ACTIVITY: What needs reproducing is the run of lines in the data below starting at the line with "Neymar faz gol, é" and ending at the line with "På fornlämningen RAÄ", both ends included. Copy it exactly, without pictures, and add nothing.

SUPPLIED INFORMATION:
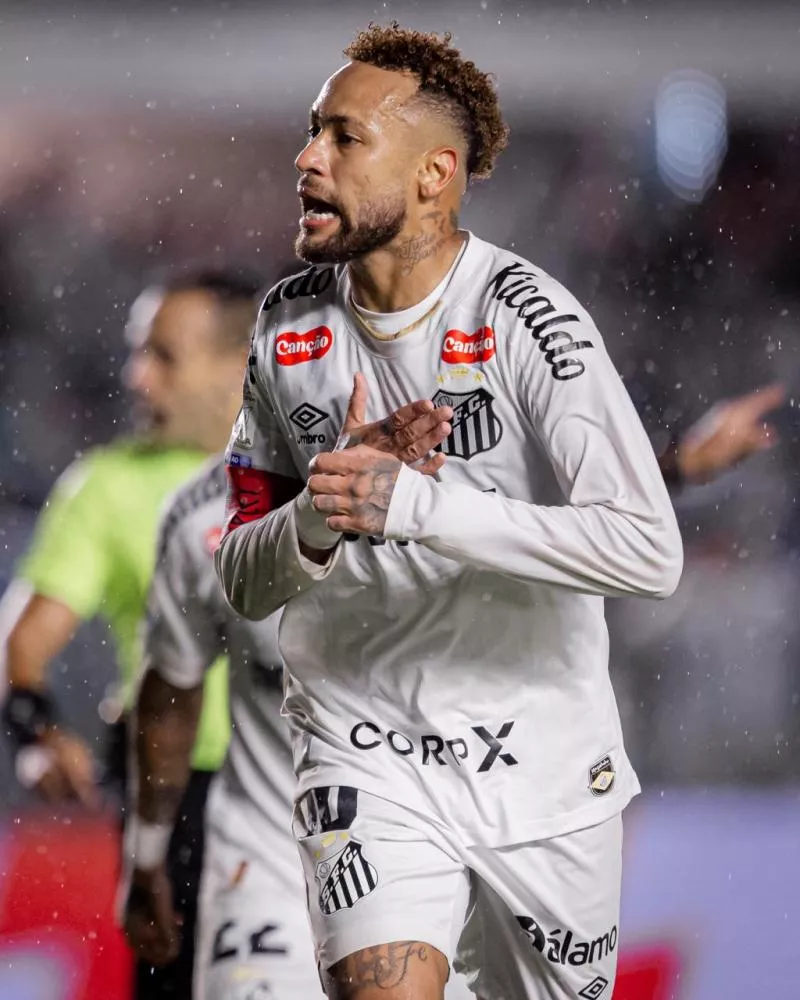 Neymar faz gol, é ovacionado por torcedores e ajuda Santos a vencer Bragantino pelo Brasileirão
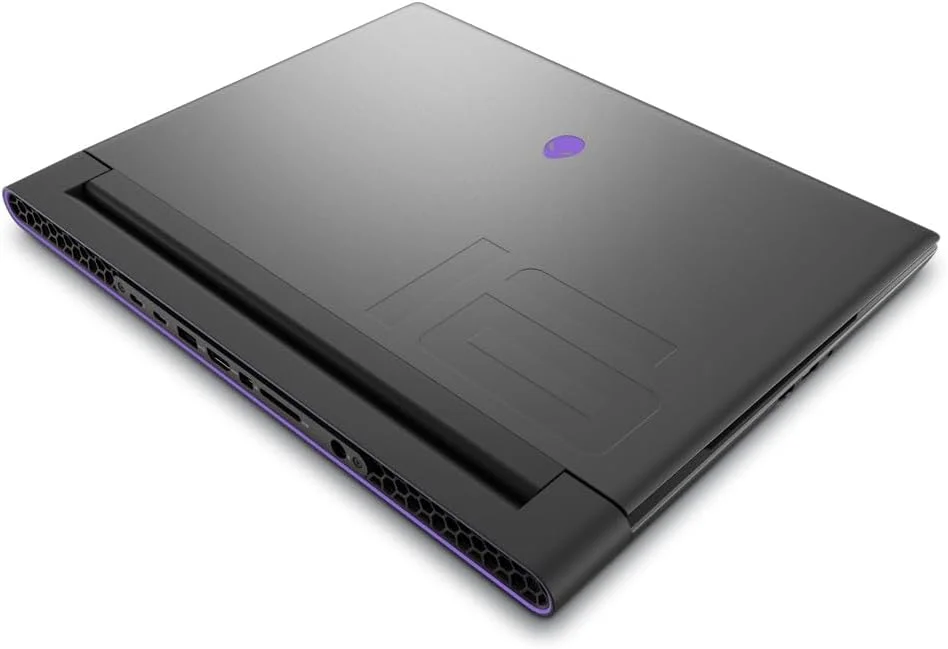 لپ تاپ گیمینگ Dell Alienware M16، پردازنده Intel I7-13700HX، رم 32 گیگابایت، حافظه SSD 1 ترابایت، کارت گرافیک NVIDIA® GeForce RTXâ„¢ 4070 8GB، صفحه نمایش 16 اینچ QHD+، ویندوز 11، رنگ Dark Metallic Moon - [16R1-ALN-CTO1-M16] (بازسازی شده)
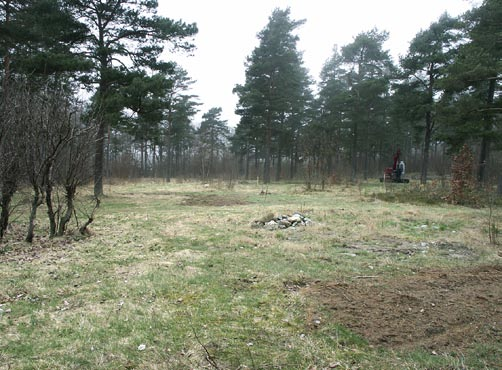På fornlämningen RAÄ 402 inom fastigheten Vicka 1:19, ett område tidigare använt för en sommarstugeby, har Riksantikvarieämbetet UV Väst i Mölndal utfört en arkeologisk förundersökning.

* * *

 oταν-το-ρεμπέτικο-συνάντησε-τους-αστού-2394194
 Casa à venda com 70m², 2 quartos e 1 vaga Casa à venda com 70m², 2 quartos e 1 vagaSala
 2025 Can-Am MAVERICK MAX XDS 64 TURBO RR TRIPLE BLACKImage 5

==

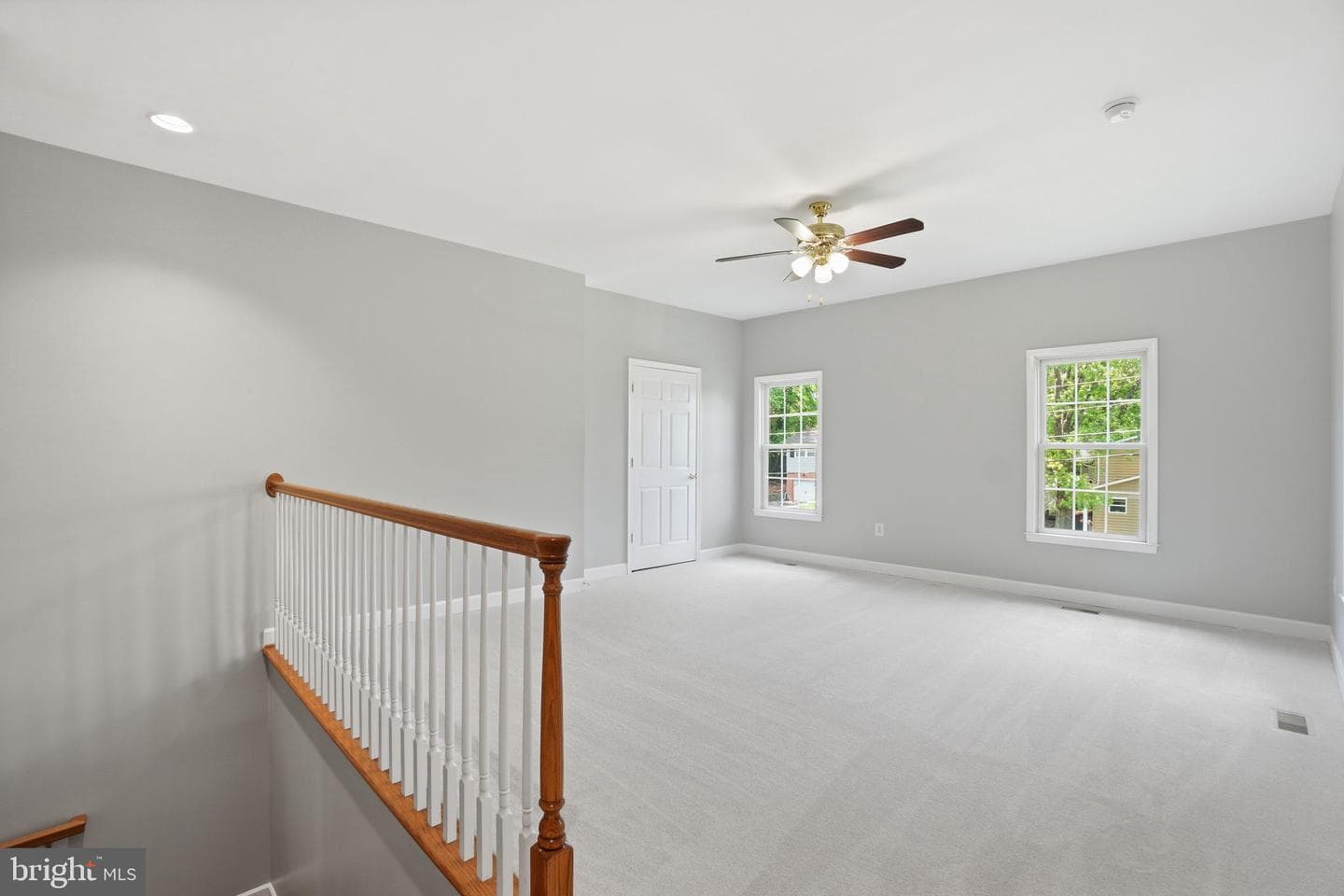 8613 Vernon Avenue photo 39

EXERCISE OUTPUT:
 Neymar faz gol, é ovacionado por torcedores e ajuda Santos a vencer Bragantino pelo Brasileirão
 لپ تاپ گیمینگ Dell Alienware M16، پردازنده Intel I7-13700HX، رم 32 گیگابایت، حافظه SSD 1 ترابایت، کارت گرافیک NVIDIA® GeForce RTXâ„¢ 4070 8GB، صفحه نمایش 16 اینچ QHD+، ویندوز 11، رنگ Dark Metallic Moon - [16R1-ALN-CTO1-M16] (بازسازی شده)
På fornlämningen RAÄ 402 inom fastigheten Vicka 1:19, ett område tidigare använt för en sommarstugeby, har Riksantikvarieämbetet UV Väst i Mölndal utfört en arkeologisk förundersökning.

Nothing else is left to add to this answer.